With the phrase came an echo of that cosmic laugh, not a physical sound so much as a psychic force. He couldn’t pursue the thought, couldn’t follow where it went.

He sat in the blue recliner. Mira sat opposite, and put a hand on his knee.

“Tell me about it?” she said in a small voice, leaning forward, peeking up into his eyes.

She’s a mouse, too
, he thought,
a mouse in a lab coat.

Instead of laughter or that mute force, the Presence, still with him, now communicated by other means, flashing images into Fred’s awareness, images from his own life: Mira from above the bar, braids slightly flapping as she reached for his glass / the cartoonish cap of the trolley driver in Celebration.

Meanwhile, in front of him, Mira’s mouse-like eyes went wide. A door had opened in the lobby.

“Mira?” her father called out.

“Oh God. I’ll never hear the end of this. Be quiet.”

She rushed out, shutting the light and slamming the door. Fred heard her strained laughter, overloud, her blurted question: “What are you doing here?” Followed by the sound of another door, murmurs from an adjacent room. The fat little baseboard star glowed.

Five-pointed
, he thought. And instantly, the Presence flashed more images to mind: the five fingers of his mother’s hand, trembling above his head / his own hand, holding the Swiss Army knife, prying those five elevator buttons from the panel.

Mira slid back in, flipped the light on, leaned close.

“He doesn’t know you’re here. I convinced him to go have dinner with me. Put everything back the way you found it. I still want to debrief you on your session. Meet me tomorrow night, same time and place.”

She killed the light again and was gone. A minute later, Fred heard the main door close. He still wasn’t alone. He felt as if the giant hand of the Presence, rather than the chair, were cradling him. The hand didn’t seem inclined to crush him. It held him gently, protectively. And he felt inclined, more and more, to nuzzle against its warmth.

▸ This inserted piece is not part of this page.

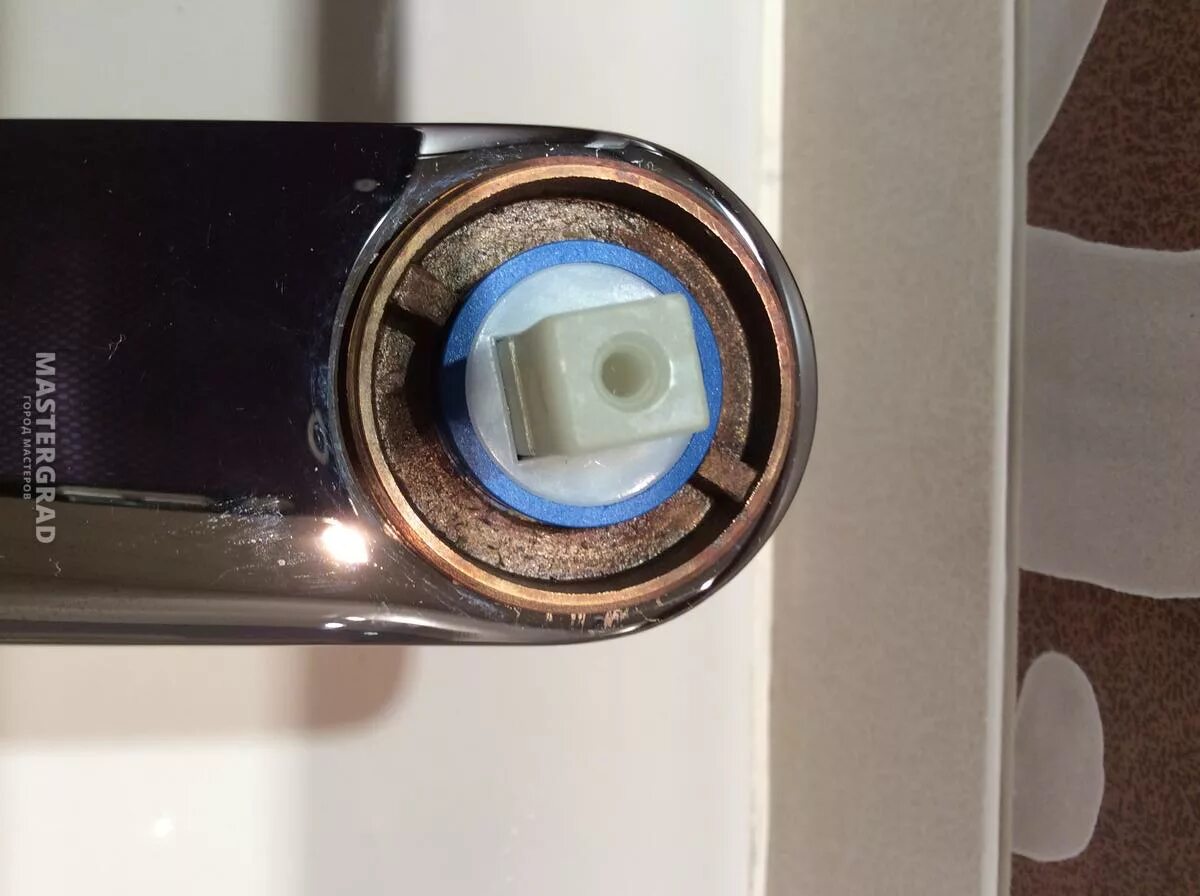 установленный смеситель в ванной. открутить кран смесителя в ванной. кран букса 1288. каким ключом поменять смеситель. ключ для откручивания кран буксы.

Losing some of his fear, he left her office and wandered back down the hall. Stepping into the helmet room again, he traced the cylinders rising from the holes in the sparkly sphere, the bright copper strands rising out of those and into blue and red sheathes going every which way, before coalescing into a single twist-tied bundle. He wasn’t alone here, either. The Presence was still with him, looking over his shoulder, as fascinated by the device as he was. More than just fascinated. There was affection flowing from it, like a sun-warmed stream, through Fred and onto the machine, which, as if it had been washed, began to shine all the more in the dim light through the doorway. The affection wasn’t just for the helmet, Fred now began to feel, with a deepening sense of awe and gratitude, but for him, too. As if, for the moment, they were the Presence’s two favorite children, the helmet and he. Or its favorite toys. Beloved inventions that had presumed to transcend their clownish materials.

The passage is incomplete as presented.